--- START ---

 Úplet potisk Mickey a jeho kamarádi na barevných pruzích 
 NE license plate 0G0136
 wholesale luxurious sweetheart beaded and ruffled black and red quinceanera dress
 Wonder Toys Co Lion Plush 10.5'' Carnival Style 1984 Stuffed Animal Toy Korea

--- END ---
--- START ---

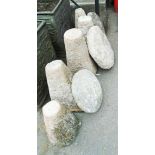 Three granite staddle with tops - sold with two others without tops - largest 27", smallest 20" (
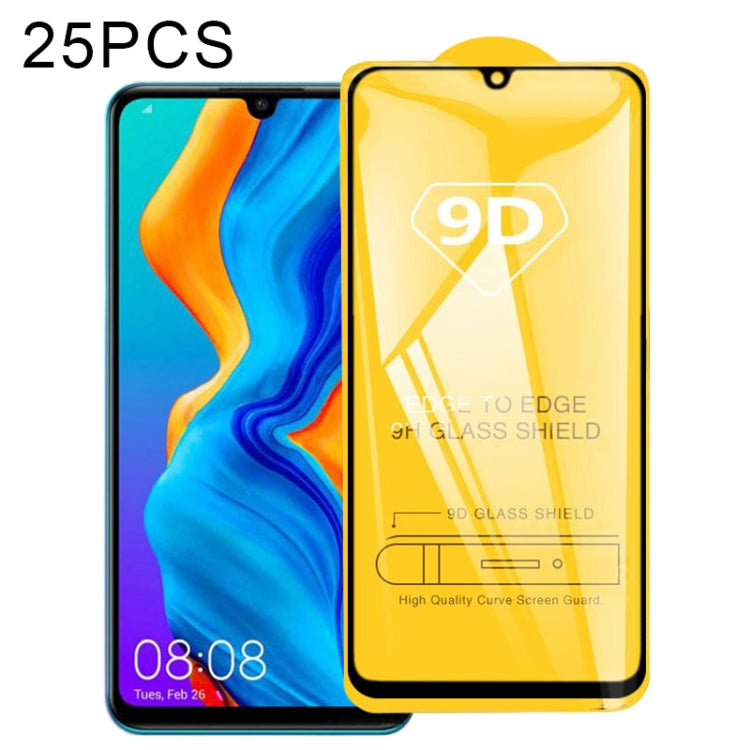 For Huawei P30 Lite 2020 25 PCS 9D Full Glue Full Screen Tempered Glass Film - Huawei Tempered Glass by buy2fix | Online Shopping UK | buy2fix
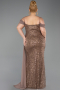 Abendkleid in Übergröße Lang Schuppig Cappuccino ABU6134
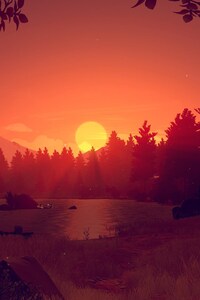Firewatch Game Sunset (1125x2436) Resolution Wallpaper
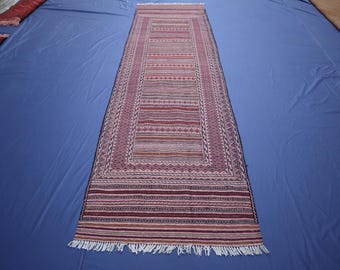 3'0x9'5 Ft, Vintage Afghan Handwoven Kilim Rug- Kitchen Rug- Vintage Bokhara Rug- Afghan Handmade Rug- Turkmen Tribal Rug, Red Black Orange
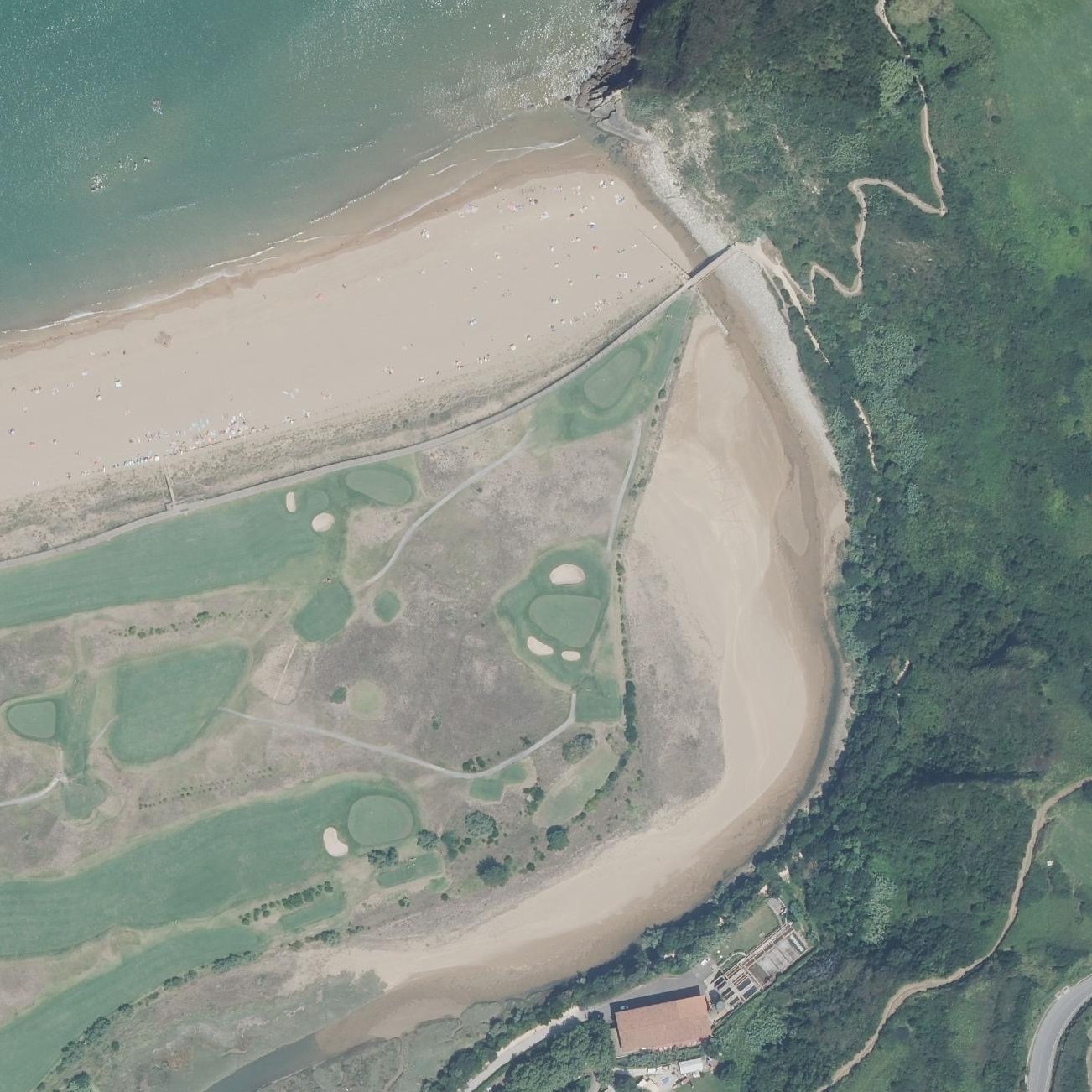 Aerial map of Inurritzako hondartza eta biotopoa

--- END ---

ACTIVITY:
Look above for the line with "Three granite staddle" and the line with "Aerial map of", then restate exactly those two lines and all lines between them, with no pictures.

RESULT OF THE EXERCISE:
 Three granite staddle with tops - sold with two others without tops - largest 27", smallest 20" (
 For Huawei P30 Lite 2020 25 PCS 9D Full Glue Full Screen Tempered Glass Film - Huawei Tempered Glass by buy2fix | Online Shopping UK | buy2fix
 Abendkleid in Übergröße Lang Schuppig Cappuccino ABU6134
Firewatch Game Sunset (1125x2436) Resolution Wallpaper
 3'0x9'5 Ft, Vintage Afghan Handwoven Kilim Rug- Kitchen Rug- Vintage Bokhara Rug- Afghan Handmade Rug- Turkmen Tribal Rug, Red Black Orange
 Aerial map of Inurritzako hondartza eta biotopoa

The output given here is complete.